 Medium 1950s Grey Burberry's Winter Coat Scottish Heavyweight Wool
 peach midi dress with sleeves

◇ ◇ ◇

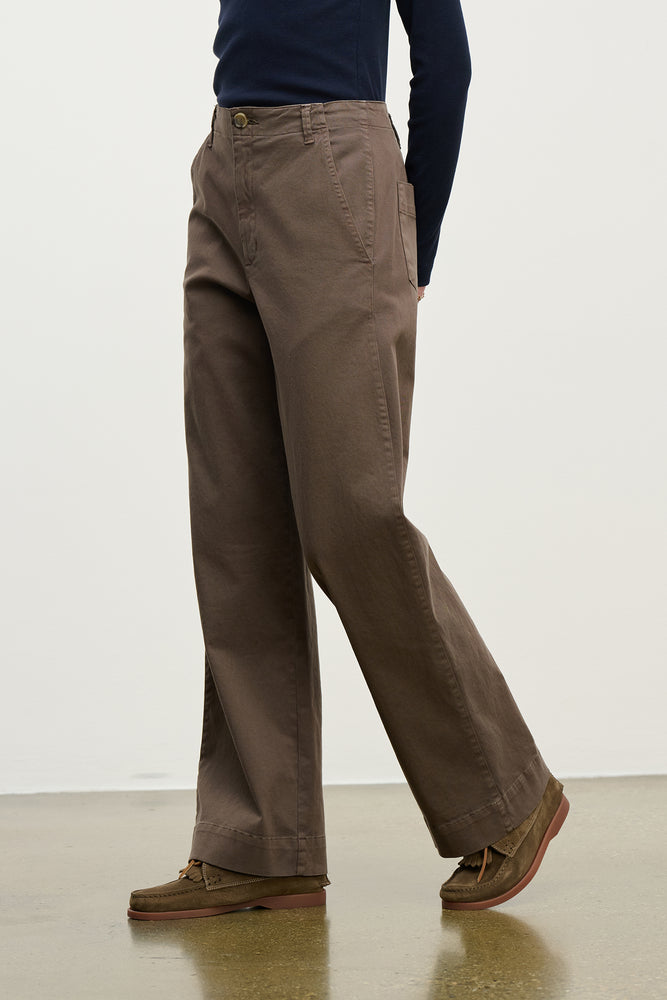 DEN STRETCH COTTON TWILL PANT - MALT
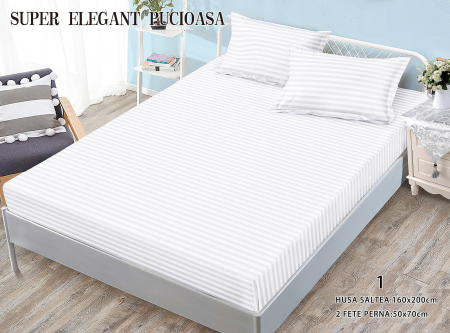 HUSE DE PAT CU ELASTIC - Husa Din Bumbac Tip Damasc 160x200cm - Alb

◇ ◇ ◇

HOW TO COMPLETE THIS TASK: Lines to set down from above: the line with "Medium 1950s Grey", the line with "peach midi dress with sleeves", and every line between, each exactly as written.

EXPECTED OUTPUT:
 Medium 1950s Grey Burberry's Winter Coat Scottish Heavyweight Wool
 peach midi dress with sleeves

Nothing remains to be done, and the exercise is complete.